## Supplied data
-- Opening Marker --

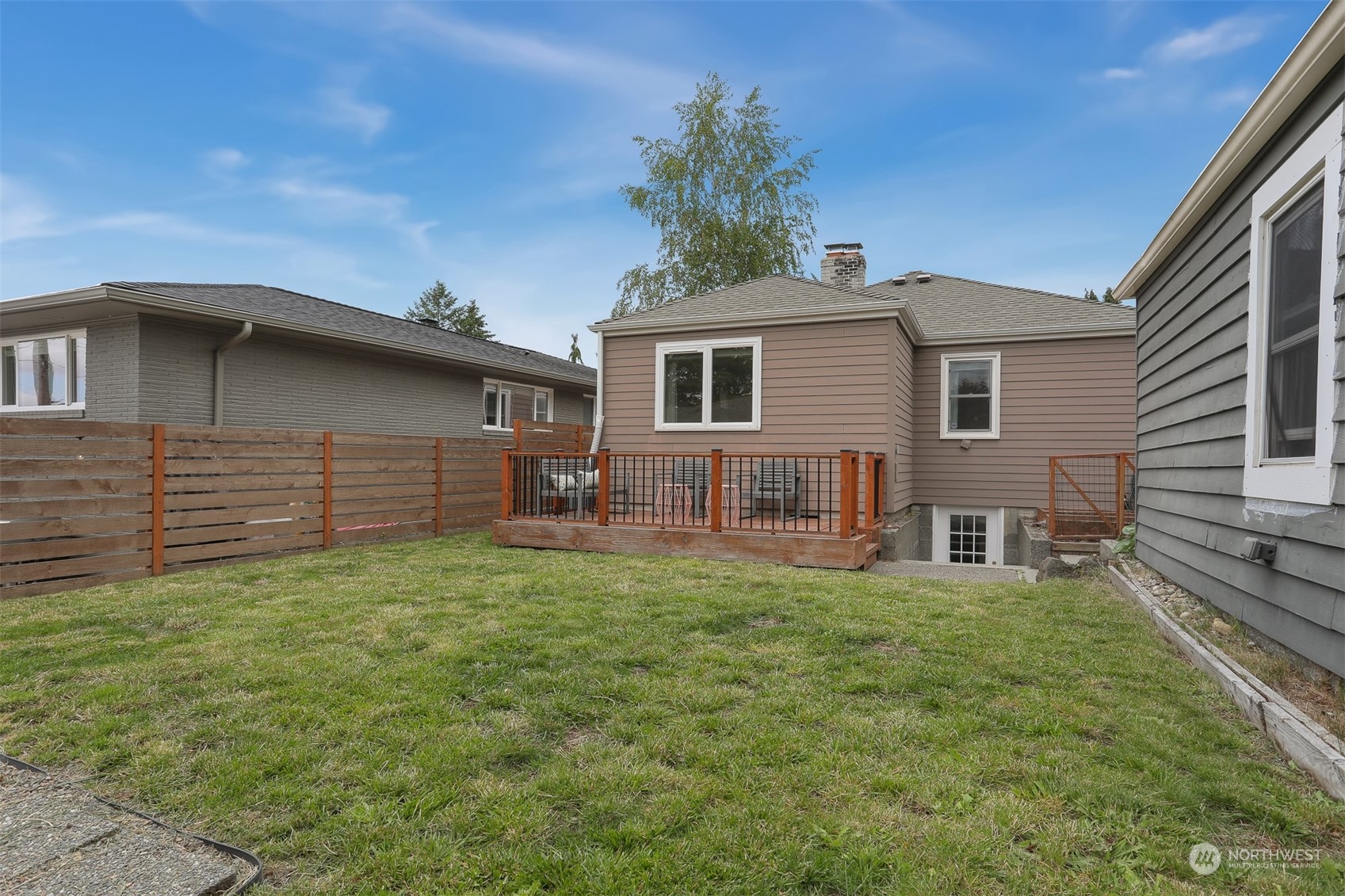3953 Southwest Kenyon Street Seattle, WA 98136 - Photo 38 of 39 Gallery Image 38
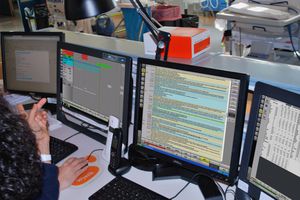 logiciel de gestion / de contrôle / de soins intensifs / de laboratoire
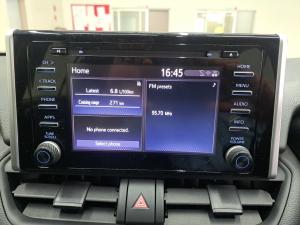 Toyota RAV4 2.0 GX auto - Image 10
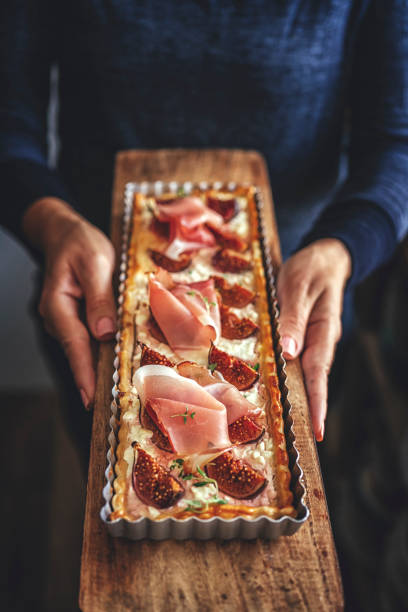 istock Tart with Figs, Serrano Ham and Cottage Cheese 897536148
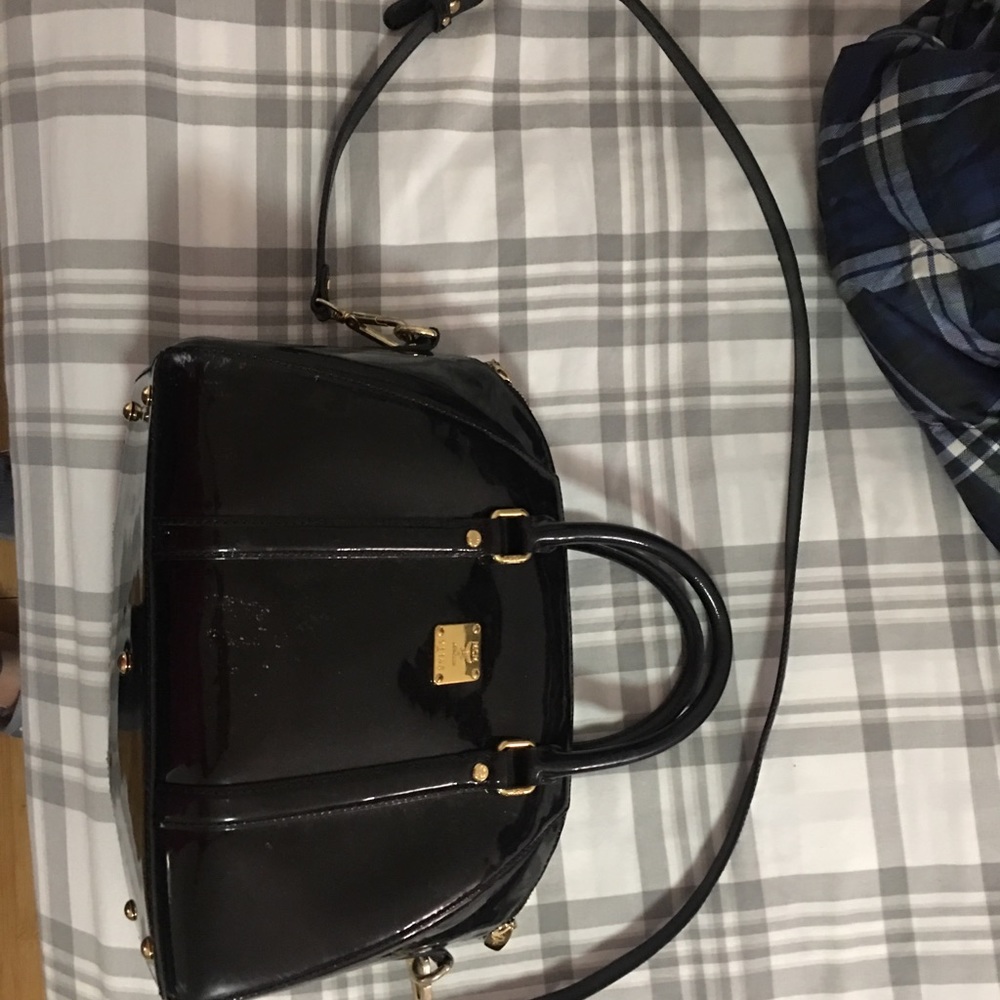 MCM Ivana patent bowler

-- Closing Marker --

## Your objective
Only the lines from the one with "logiciel de gestion" through the final line of the entries above should be transcribed, exactly and without pictures.

## Exercise response
 logiciel de gestion / de contrôle / de soins intensifs / de laboratoire
 Toyota RAV4 2.0 GX auto - Image 10
 istock Tart with Figs, Serrano Ham and Cottage Cheese 897536148
 MCM Ivana patent bowler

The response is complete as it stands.